We have seen major tech giants making layoffs in 2026, but now even other companies are cutting their tech jobs.
On Monday, General Motors began telling hundreds of salaried IT employees that they were out of a job.
General Motors Cutting Around 600 IT Jobs
General Motors has laid off 500 to 600 employees, primarily affecting IT salaried workers in Austin, Texas, and Warren, Michigan.
The company has confirmed these cuts to Bloomberg News.
In the official statement, they said:
“GM is transforming its Information Technology organization to better position the company for the future. As part of that work, we have made the difficult decision to eliminate certain roles globally.
We are grateful for the contributions of the employees affected and are committed to supporting them through this transition.”
What makes this notable is that GM is not in financial crisis. In fact, the company recently reported strong earnings. That’s why many people see these layoffs as strategic restructuring tied to AI adoption.
The move also continues a trend at GM. They have already carried out several rounds of layoffs over the last two years, including cuts tied to EV slowdowns and engineering reorganization.
But cost-cutting alone doesn't explain why the company is actively recruiting at the same time it's laying people off.
That’s where AI comes in.
General Motors Wants IT Workers with AI Skills
General Motors reportedly wants to replace some traditional IT roles with workers who have stronger AI skills.
They are cutting workers whose expertise no longer aligns with the company’s future priorities.
According to TechCrunch, a source familiar with the situation confirmed that GM is still actively filling IT roles, just for entirely different skill sets.
The company wants people who can build AI from the ground up, not people who just use AI as a productivity shortcut.
Specifically, the most sought-after capabilities include:
- AI-native development: building software with AI baked in from day one, not bolted on later.
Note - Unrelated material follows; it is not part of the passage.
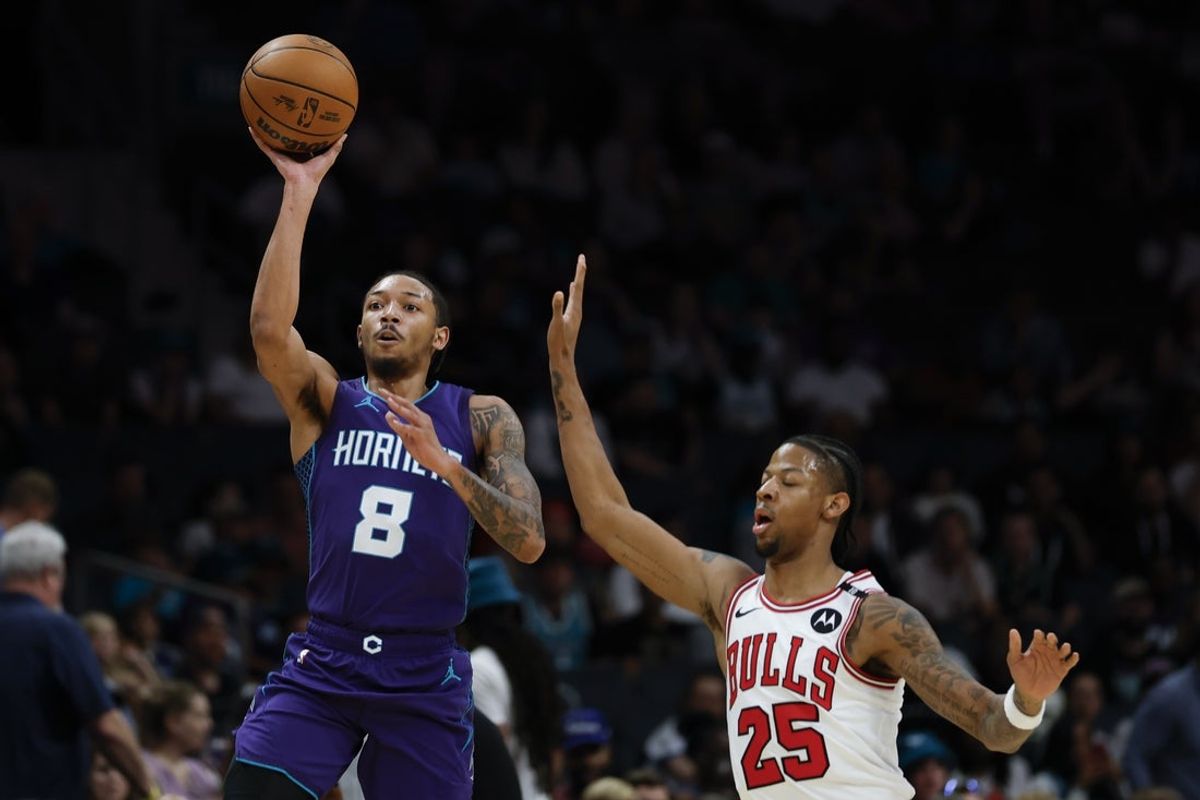 Apr 6, 2025; Charlotte, North Carolina, USA; Charlotte Hornets guard Nick Smith Jr. (8) shoots against Chicago Bulls forward Dalen Terry (25) during the first quarter at Spectrum Center. Mandatory Credit: Nell Redmond-Imagn Images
- Data engineering and analytics: making sense of massive streams of vehicle and user data
- Cloud-based engineering: managing infrastructure that lives online, not in a building
- Agent and model development: building autonomous AI systems that can act on their own
- Prompt engineering and new AI workflows: designing how humans and AI systems communicate and collaborate
This is not a list of nice-to-haves. For GM, these are now core requirements.
The old IT worker, the one maintaining legacy databases, managing internal software licenses, or running network infrastructure, is being replaced. Not by machines, but by a professional who knows AI.
If you are in tech, the signal is clear. General skill sets in IT are no longer enough at a company like GM. You have to know AI engineering, model development, and cloud-native architecture.
This is your wake-up call. GM isn't a startup. It's a 117-year-old company that builds physical cars. If they are rebuilding their workforce around AI from the ground up, the shift is already here.
In short, companies are increasingly replacing experienced employees with smaller teams focused on AI and automation skills.
Bottom Line
This reflects a broader shift happening across the automotive industry, where they are behaving like other software companies. AI integration is becoming a core hiring priority for all of them.
So, on one side, we can argue that GM is modernizing for the AI-driven future; this can also be another example of corporations using AI transformation as justification for reducing headcount.